On a motion to dismiss pursuant to CPLR 3211, the pleading is to be afforded a liberal construction (see, CPLR 3026). We accept the facts as alleged in the complaint as true, accord plaintiffs the benefit of every possible favorable inference, and determine only whether the facts as alleged fit within any cognizable legal theory (Morone v Morone, 50 N.Y.2d 481, 484; Rovello v Orofino Realty Co., 40 N.Y.2d 633, 634). Under CPLR 3211 (a) (1), a dismissal is warranted only if the documentary evidence submitted conclusively establishes a defense to the asserted claims as a matter of law (see, e.g., Heaney v Purdy, 29 N.Y.2d 157). In assessing a motion under CPLR 3211 (a) (7), however, a court may freely consider affidavits submitted by the plaintiff to remedy any defects in the complaint (Rovello v Orofino Realty Co., supra, at 635) and "the criterion is whether the proponent of the pleading has a cause of action, not whether he has stated one" (Guggenheimer v Ginzburg, 43 N.Y.2d 268, 275; Rovello v Orofino Realty Co., supra, at 636).

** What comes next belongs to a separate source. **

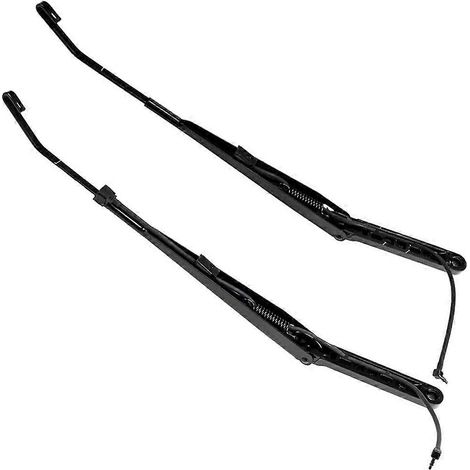 Kit de bras d'essuie-glace avant 15829647 15829648 pour Cadillac Chevrolet Silverado GMC Sierra Accessoires (1/5)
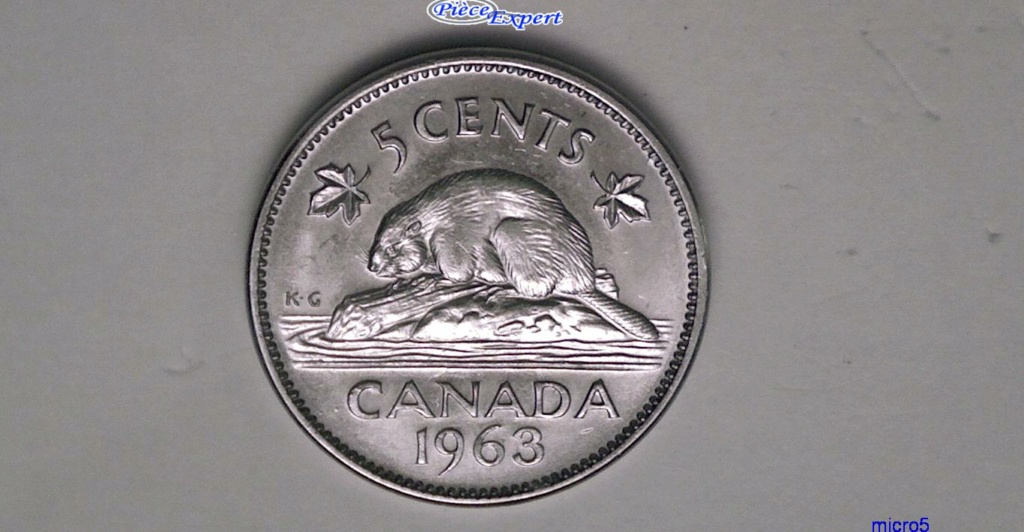1963  - Éclat de coin, Entrechoqué & Dommage au Coin Cpe_1898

In light of these principles, we agree with the majority at the Appellate Division that the instant complaint and supporting affidavit, although inartfully drafted, adequately alleged for pleading survival purposes that the instrument prepared by Futterman was intended by all parties to effectuate a present assignment to plaintiffs of interests in the future settlement.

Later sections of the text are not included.